Let’s check the results of the new metrics

We need to build, deploy and run the test again. See above for the steps. We have created new metrics which are named as follows:

managed_async_executor_threads{}
managed_async_executor_tasks{}
managed_async_executor_queue{}

And we have added some attributes to these metrics so that we can see the difference in, for example, the active threads of the thread pool and the core size of the thread pool. The results of the K6 test will not be different, but we will have more metrics to help us find the problem.

We can use Grafana’s ‘Explore’ feature or drill down metrics feature as long as we do not add these metrics to a dashboard.

In this graph we see that the core size is 4 and the maximum pool size is 40. This is expected. The green line shows the number of active threads. It is going up, but not above the core size.

The total number of tasks created and the number of tasks completed follow each other closely. This is expected, as all requests have been completed.

The queue of tasks to be executed is growing, especially during the phase when 40 concurrent users were active. To process the tasks faster, more threads could have been created, but this is not done. Why not?

Why is it not creating more threads?

Let’s dive into the Java doc of a the ThreadPoolExecutor:

Queuing Any BlockingQueue may be used to transfer and hold submitted tasks. The use of this queue interacts with pool sizing: If fewer than corePoolSize threads are running, the Executor always prefers adding a new thread rather than queuing. If corePoolSize or more threads are running, the Executor always prefers queuing a request rather than adding a new thread.

Ok … and what is more in the Java doc …

Unbounded queues. Using an unbounded queue (for example a LinkedBlockingQueue without a predefined capacity) will cause new tasks to wait in the queue when all corePoolSize threads are busy. Thus, no more than corePoolSize threads will ever be created. (And the value of the maximumPoolSize therefore doesn’t have any effect.) This may be appropriate when each task is completely independent of others, so tasks cannot affect each others execution; for example, in a web page server. While this style of queuing can be useful in smoothing out transient bursts of requests, it admits the possibility of unbounded work queue growth when commands continue to arrive on average faster than they can be processed.

Ah … this is exactly the behaviour we see. The queue is growing and at these moments the duration of requests is high. The core threads continue to process the requests, but no new threads are created.

How to solve this?

There is no one size fits all solution, it depends on what you are trying to achieve. And in certain situations it depends on the architecture of the whole environment and what is expected of that service. For all solutions, it is important to think in advance about what you want to achieve, whether the solution fits and, importantly(!), to validate that the solution works as expected.

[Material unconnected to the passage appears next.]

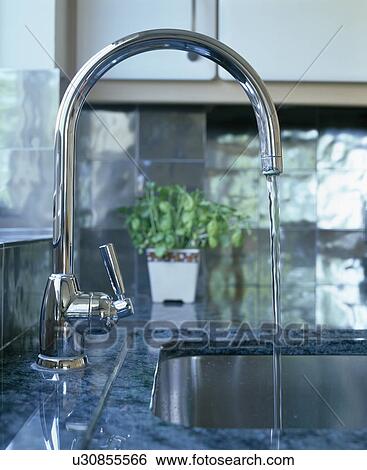 Close-up of stainless steel mixer-tap pouring water into underset sink View Large Photo Image Stock Photograph - Close-up of stainless steel mixer-tap pouring water into underset sink. Fotosearch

Even for this simple setup, there are several solutions. To name a few:

  • Just increase the corePoolSize
    • Just increasing the core size is an easy change
    • Consideration: This does not change the behaviour of the solution, it just delays the tipping point.
  • Remove the use of @ManagedAsync.
    • This is also a simple change. Instead of using a separate thread pool to handle the requests, use the Tomcat thread pool to handle each request by a thread.
    • Consideration: This is a more fundamental change to your application. It changes from async to sync. In this example it is not a problem, but in other cases the impact may be greater.
  • Tune the `ManagedAsyncExecutorProvider’ to make it work.
    • By tuning the `ManagedAsyncExecutorProvider’ we keep the architecture of the application the same, we just make sure we make more use of the up and down scaling of the thread pool.
    • Consideration: this requires more tuning and testing to see if it behaves as expected.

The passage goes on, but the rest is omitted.